Went to town and picked up another bag of puppy chow to replace a bad one. The gal working their said I am over my limit. I said "No Way". She said the owner dropped it from $800 to $400. Didn't say a thing this time or the last time when she dropped it from $1200 to $800. I paid the bill off and she said "you don't need more dog food than that one bag? I said sure, but, I am going to the valley tomorrow to get chicken, figure I may as well pick up my dog food while I am at Costco. I spent $1000 to $1500 in that feed store every month for over 20 years because it is local economy and convenient. The way I see it, If I have to drive to town to pick up chicken and groceries, may as well start picking up dog food to boot. I am going to google Kirkland dog food right now.


----------



## Steve Strom (May 25, 2008)

They have this grain free stuff there now:
http://www.naturesdomainpetfood.com/about-natures-domain

I think its a lot like Taste of the Wild, but inexpensive.


----------



## susan tuck (Mar 28, 2006)

The least they could have done was pick up the phone to let you know when they changed their policy. I mean it's probably not like they have hundreds of clients with this same arrangement. And even if they did have a lot of clients, at least they could have emailed or snail mailed an announcement to everyone in advance. For lack of smart customer service they might have just lost a customer.


----------



## Don Turnipseed (Oct 8, 2006)

Steve Strom said:


> They have this grain free stuff there now:
> http://www.naturesdomainpetfood.com/about-natures-domain
> 
> I think its a lot like Taste of the Wild, but inexpensive.

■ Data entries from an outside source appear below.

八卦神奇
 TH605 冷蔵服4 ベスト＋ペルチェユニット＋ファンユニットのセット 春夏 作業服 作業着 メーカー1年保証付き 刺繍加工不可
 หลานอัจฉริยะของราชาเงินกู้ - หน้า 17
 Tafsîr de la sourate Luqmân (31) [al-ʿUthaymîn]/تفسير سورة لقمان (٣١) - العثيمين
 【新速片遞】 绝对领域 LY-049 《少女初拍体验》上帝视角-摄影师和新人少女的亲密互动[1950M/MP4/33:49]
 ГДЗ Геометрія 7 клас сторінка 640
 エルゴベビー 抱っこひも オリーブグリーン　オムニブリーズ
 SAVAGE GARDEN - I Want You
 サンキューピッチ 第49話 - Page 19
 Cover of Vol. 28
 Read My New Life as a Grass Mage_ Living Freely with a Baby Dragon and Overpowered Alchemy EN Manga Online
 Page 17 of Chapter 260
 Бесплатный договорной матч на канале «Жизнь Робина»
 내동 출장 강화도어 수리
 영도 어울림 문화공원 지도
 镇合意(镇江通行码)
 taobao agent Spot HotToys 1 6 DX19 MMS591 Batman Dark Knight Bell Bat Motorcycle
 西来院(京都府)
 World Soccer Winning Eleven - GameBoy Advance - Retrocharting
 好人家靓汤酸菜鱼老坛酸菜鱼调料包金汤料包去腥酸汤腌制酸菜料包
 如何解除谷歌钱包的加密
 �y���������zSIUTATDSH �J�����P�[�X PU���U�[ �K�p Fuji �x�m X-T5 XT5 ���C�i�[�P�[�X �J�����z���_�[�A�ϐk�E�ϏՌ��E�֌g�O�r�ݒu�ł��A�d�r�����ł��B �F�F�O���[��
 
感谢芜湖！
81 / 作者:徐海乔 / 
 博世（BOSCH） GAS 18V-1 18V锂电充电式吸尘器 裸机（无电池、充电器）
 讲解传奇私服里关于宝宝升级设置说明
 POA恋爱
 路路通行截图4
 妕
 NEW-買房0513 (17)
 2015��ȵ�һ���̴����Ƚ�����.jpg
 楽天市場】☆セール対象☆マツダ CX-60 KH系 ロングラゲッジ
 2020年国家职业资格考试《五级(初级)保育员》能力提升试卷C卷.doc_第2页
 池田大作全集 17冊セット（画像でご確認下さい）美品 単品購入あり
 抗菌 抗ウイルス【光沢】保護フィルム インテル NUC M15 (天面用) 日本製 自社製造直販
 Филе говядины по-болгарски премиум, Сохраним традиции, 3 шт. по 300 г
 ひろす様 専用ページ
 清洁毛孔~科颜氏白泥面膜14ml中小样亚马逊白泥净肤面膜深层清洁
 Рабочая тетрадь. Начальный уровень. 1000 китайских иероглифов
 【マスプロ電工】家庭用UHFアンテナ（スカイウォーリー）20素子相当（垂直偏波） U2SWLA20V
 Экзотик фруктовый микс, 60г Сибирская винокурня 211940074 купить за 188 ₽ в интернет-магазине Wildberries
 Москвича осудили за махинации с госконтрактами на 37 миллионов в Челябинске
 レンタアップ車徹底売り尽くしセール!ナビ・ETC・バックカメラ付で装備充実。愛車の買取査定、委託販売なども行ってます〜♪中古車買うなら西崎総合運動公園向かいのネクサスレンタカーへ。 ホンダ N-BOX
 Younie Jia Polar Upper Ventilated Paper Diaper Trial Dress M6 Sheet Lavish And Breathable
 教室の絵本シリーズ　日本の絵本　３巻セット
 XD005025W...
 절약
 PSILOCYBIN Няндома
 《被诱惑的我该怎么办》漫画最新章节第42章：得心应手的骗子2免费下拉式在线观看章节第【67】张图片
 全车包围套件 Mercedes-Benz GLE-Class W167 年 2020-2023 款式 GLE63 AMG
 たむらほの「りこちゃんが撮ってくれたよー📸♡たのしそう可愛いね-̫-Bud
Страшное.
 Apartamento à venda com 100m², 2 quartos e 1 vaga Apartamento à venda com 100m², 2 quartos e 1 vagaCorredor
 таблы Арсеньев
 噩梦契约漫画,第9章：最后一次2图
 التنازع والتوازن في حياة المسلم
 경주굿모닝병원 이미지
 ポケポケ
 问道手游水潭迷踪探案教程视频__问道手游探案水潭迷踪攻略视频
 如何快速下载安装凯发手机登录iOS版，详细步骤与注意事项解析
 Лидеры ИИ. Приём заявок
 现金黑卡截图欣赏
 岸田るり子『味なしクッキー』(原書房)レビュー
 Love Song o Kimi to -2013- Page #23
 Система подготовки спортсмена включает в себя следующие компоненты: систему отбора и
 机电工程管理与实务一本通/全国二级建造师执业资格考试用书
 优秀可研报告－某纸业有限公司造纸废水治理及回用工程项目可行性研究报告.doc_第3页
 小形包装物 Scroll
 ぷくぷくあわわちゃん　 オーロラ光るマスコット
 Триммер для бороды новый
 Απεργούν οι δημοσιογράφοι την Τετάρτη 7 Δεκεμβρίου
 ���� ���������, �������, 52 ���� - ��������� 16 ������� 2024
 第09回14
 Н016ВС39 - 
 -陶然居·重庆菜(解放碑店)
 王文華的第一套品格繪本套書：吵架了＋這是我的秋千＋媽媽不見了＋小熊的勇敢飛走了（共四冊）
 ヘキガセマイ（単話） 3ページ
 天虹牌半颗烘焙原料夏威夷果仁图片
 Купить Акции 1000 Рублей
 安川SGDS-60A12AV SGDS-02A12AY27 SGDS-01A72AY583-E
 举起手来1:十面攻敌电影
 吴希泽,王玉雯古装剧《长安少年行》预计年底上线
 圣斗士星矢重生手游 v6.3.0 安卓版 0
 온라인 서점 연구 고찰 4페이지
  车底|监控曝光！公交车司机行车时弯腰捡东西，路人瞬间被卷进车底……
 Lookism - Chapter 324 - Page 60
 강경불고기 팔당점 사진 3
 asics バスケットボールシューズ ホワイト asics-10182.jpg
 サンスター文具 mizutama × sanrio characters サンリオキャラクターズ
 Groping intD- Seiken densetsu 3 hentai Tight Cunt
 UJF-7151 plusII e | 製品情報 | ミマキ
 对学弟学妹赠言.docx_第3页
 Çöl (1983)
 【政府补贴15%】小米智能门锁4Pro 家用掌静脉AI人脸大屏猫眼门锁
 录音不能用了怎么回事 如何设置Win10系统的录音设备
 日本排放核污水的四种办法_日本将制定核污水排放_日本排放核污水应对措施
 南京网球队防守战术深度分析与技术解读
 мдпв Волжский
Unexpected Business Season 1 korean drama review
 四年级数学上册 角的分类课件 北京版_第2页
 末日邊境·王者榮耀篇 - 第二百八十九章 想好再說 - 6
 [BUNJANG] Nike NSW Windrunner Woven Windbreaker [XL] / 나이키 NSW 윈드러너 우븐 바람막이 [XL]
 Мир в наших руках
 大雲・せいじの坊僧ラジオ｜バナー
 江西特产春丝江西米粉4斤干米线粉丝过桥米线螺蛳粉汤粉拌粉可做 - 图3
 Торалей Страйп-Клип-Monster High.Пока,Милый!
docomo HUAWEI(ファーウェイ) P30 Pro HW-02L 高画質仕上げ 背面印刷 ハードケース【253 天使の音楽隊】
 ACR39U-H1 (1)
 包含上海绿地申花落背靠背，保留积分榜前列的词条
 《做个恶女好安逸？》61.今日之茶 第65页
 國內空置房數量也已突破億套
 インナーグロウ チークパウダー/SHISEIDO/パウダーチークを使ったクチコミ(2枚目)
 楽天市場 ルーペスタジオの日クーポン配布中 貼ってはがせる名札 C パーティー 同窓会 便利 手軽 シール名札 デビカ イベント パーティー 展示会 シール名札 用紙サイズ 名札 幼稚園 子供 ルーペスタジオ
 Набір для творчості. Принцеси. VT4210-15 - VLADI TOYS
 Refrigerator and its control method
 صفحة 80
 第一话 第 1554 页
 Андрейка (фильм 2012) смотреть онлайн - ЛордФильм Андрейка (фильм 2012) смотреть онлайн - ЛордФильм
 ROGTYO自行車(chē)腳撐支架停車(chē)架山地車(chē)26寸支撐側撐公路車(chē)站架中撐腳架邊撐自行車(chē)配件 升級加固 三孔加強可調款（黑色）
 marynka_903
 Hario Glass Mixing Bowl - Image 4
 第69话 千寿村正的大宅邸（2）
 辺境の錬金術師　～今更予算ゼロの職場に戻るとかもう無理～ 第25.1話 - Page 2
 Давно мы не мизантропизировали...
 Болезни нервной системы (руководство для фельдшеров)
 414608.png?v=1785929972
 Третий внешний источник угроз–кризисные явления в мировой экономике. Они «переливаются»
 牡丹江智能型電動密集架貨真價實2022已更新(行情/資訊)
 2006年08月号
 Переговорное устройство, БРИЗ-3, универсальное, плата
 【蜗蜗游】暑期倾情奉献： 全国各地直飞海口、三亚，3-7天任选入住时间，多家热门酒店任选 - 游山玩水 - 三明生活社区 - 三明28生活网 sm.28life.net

Thanks Steve...will check it out.

Things are looking better. Built a big plate of tacos with the shells just on the crispy side, glass of Kentucky's finest, and a new pouch of Red Man to top off the meal.


----------



## Maren Bell Jones (Jun 7, 2006)

Don't you feed Diamond? Kirkland is made by the same company.


----------



## Don Turnipseed (Oct 8, 2006)

susan tuck said:


> The least they could have done was pick up the phone to let you know when they changed their policy. I mean it's probably not like they have hundreds of clients with this same arrangement. And even if they did have a lot of clients, at least they could have emailed or snail mailed an announcement to everyone in advance. For lack of smart customer service they might have just lost a customer.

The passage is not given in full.